On 07/12/11 15:16, Twan van Laarhoven wrote:
> On 06/12/11 18:48, wren ng thornton wrote:
>> So, I have an optimization/internals question. Does the GHC API have any
>> hooks for being able to revert a CAF to the original expression, thus
>> discarding the previously computed result?
>>
>> ...
>>
>> I could hack something together based on unsafePerformIO and top-level
>> IORefs, and it's clear that this is in fact a safe thing to do, but I'm
>> worried about the semantic issues inherent in unsafePerformIOed
>> top-level IORefs (e.g., the fact that their scope isn't particularly
>> well defined: is it per library instance? per runtime?...).
>> Unfortunately, for what I'm doing, it isn't really feasible to just
>> leave the IO type in there nor to pass around the infinite list so we
>> can use scoping rules to decide when to free it.
>
> How bad is the IORef solution really?

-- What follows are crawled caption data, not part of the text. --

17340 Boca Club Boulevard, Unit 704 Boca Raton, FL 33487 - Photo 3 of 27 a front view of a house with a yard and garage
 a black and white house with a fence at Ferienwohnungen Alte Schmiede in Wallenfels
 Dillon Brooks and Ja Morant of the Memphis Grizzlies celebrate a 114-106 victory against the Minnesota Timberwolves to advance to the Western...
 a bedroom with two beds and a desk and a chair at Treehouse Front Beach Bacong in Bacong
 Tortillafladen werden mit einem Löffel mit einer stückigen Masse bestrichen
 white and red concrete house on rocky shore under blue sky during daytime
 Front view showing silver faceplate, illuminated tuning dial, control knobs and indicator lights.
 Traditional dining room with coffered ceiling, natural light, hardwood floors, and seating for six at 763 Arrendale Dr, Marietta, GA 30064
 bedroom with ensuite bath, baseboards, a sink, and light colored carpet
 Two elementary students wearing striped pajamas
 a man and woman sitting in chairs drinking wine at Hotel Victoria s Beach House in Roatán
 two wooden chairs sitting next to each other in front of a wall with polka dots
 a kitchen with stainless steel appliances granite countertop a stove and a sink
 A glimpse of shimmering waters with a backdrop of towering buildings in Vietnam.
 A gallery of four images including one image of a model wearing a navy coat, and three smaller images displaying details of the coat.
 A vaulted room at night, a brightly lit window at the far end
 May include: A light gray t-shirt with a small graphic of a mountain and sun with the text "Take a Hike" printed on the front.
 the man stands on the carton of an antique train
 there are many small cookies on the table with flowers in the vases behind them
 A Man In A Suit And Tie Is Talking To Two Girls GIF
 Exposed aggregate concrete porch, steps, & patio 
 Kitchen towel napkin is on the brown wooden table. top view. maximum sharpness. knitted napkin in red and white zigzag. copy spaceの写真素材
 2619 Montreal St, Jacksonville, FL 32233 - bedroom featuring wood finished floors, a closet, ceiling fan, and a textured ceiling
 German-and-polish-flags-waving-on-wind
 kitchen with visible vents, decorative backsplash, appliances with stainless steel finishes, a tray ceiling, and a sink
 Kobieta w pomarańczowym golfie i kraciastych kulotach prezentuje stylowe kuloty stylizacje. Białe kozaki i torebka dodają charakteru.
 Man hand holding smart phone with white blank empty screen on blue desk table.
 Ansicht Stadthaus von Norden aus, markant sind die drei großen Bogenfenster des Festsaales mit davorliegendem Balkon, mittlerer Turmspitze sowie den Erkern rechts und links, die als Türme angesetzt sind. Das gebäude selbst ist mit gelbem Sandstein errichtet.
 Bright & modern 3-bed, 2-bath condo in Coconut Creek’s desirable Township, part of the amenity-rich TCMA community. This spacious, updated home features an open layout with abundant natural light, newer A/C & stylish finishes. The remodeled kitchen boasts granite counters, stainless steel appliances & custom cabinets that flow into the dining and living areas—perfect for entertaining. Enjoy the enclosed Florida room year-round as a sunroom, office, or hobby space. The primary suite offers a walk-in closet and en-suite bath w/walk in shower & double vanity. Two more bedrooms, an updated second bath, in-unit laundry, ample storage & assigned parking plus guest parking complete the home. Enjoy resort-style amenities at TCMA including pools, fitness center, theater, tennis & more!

I.e. can someone more well versed
> in ghc internals tell me why this wouldn't work?
>
> type CAF a = IORef (() -> a, a)
> mkCAF :: (() -> a) -> a
> mkCAF f = unsafePerformIO $ newIORef (f, f ())
> getCAF :: CAF a -> a
> getCAF = snd . unsafeDupablePerformIO . readIORef
> resetCAF :: CAF a -> IO ()
> resetCAF = modifyIORef $ \(f,_) -> (f, f ())
>
> myCAF :: CAF [Int]
> myCAF = mkCAF $ \_ -> [1..1000000]
> {-# NOINLINE myCAF #-}

What will happen here is that GHC will transform it to:

x = [1..1000000]
myCAF = mkCAF $ \_ -> x

and you're no better off.  This will always happen with a function of 
type () -> a, because by definition the return value does not depend on 
the argument, so the contents will always be lifted out.

You could use -fno-full-laziness I suppose...

Cheers,
	Simon